To conclude this part of my subject, the eclaircissement des obscanites. Many readers will regret the absence from The Nights of that modesty which distinguishes “Amadis de Gaul,” whose author, when leaving a man and a maid together says, “And nothing shall be here related; for these and suchlike things which are conformable neither to good conscience nor nature, man ought in reason lightly to pass over, holding them in slight esteem as they deserve.” Nor have we less respect for Palmerin of England who after a risque scene declares, “Herein is no offence offered to the wise by wanton speeches, or encouragement to the loose by lascivious matter.” But these are not oriental ideas, and we must e’en take the Eastern as we find him. He still holds “Naturalla non sunt turpia,” together with “Mundis omnia munda”; and, as Bacon assures us the mixture of a lie cloth add to pleasure, so the Arab enjoys the startling and lively contrast of extreme virtue and horrible vice placed in juxtaposition.
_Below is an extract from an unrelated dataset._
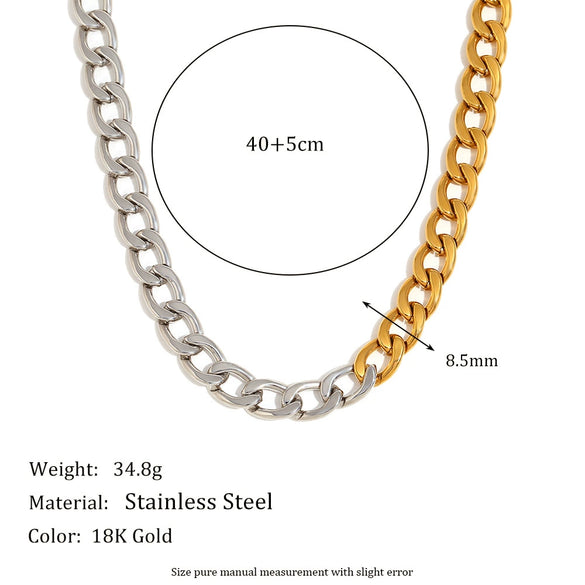 Wholesale Hip Hop Personality Cuban Chain Necklace Stainless Steel 18K Gold Plated Geometric Style Polished Chain For Women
Those who have read through these ten volumes will agree with me that the proportion of offensive matter bears a very small ratio to the mass of the work. In an age saturated with cant and hypocrisy, here and there a venal pen will mourn over the “Pornography” of The Nights, dwell upon the “Ethics of Dirt” and the “Garbage of the Brothel”; and will lament the “wanton dissemination (!) of ancient and filthy fiction.” This self-constituted Censor morum reads Aristophanes and Plato, Horace and Virgil, perhaps even Martial and Petronius, because “veiled in the decent obscurity of a learned language”; he allows men Latine loqui; but he is scandalised at stumbling-blocks much less important in plain English. To be consistent he must begin by bowdlerising not only the classics, with which boys’ and youths’ minds and memories are soaked and saturated at schools and colleges, but also Boccaccio and Chaucer, Shakespeare and Rabelais; Burton, Sterne, Swift, and a long list of works which are yearly reprinted and republished without a word of protest. Lastly, why does not this inconsistent puritan purge the Old Testament of its allusions to human ordure and the pudenda; to carnal copulation and impudent whoredom, to adultery and fornication, to onanism, sodomy and bestiality? But this he will not do, the whited sepulchre! To the interested critic of the Edinburgh Review (No. 335 of July, 1886), I return my warmest thanks for his direct and deliberate falsehoods:—lies are one-legged and short-lived, and venom evaporates.[FN#430] It appears to me that when I show to such men, so “respectable” and so impure, a landscape of magnificent prospects whose vistas are adorned with every charm of nature and art, they point their unclean noses at a little heap of muck here and there lying in a field-corner.